_WHAT YOU WILL DO_. Pictures aside, repeat the listing below exactly.

_GIVEN INFORMATION_.
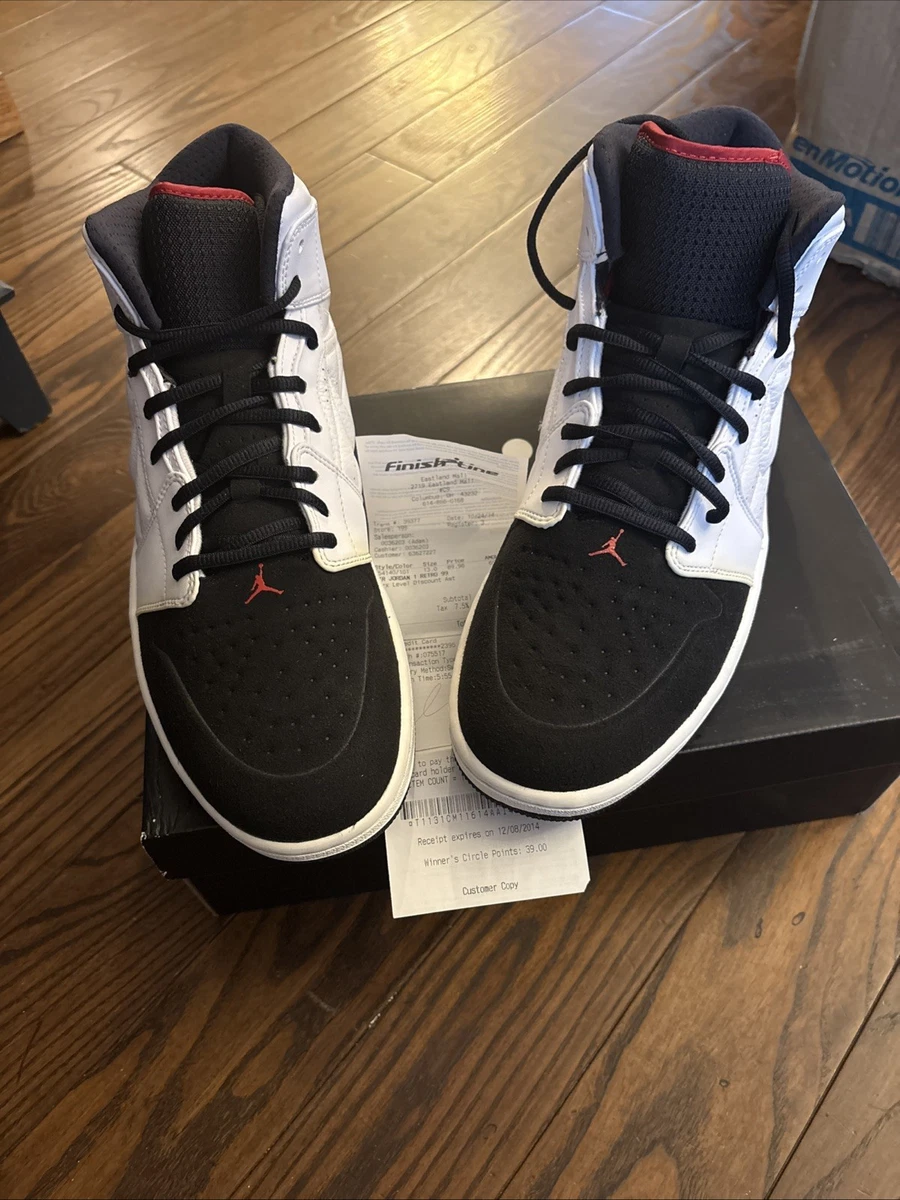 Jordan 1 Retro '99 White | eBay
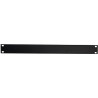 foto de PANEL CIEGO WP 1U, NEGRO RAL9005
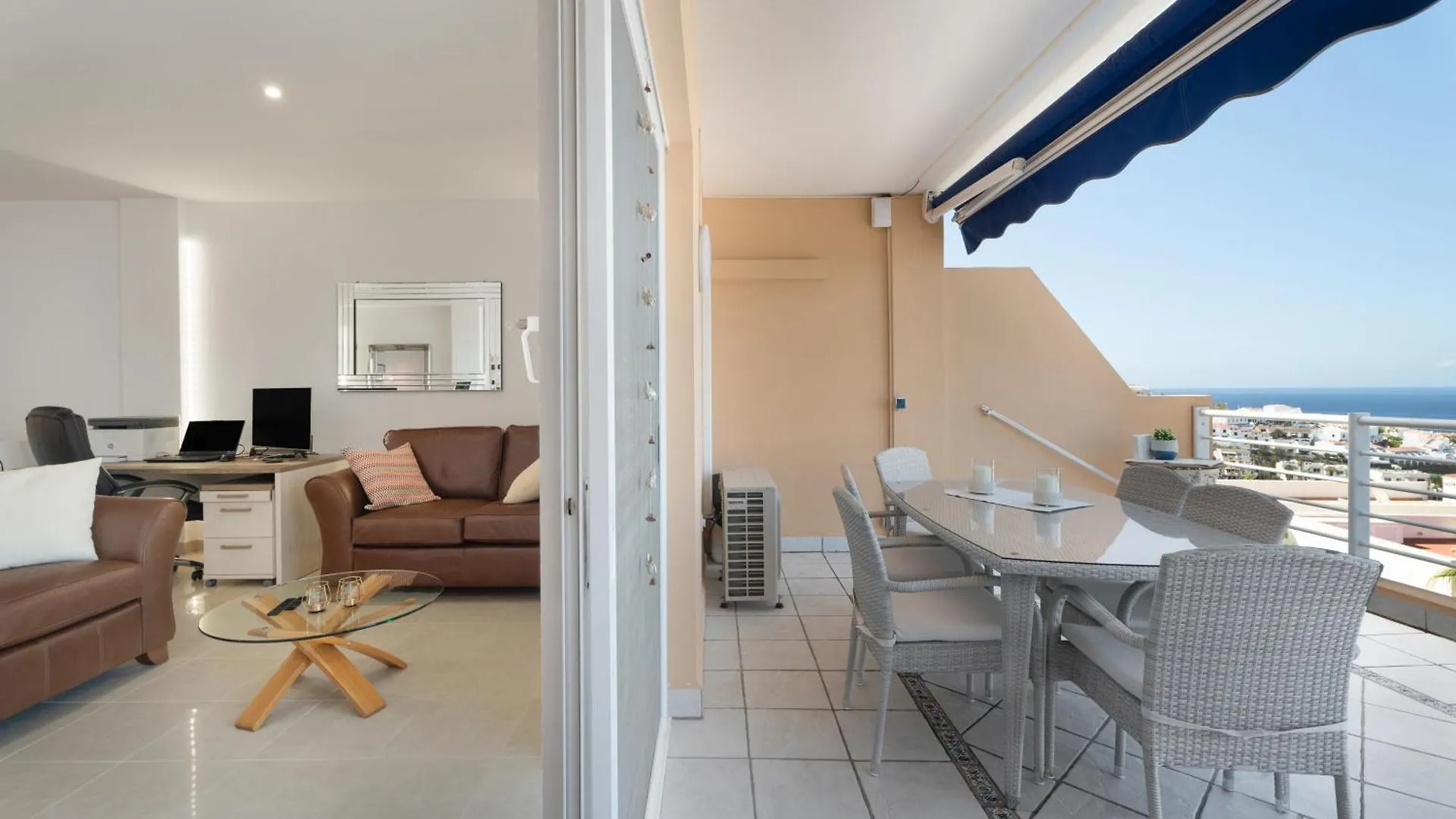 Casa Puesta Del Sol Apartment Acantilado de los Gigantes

_EXERCISE SOLUTION_.
 Jordan 1 Retro '99 White | eBay
 foto de PANEL CIEGO WP 1U, NEGRO RAL9005
 Casa Puesta Del Sol Apartment Acantilado de los Gigantes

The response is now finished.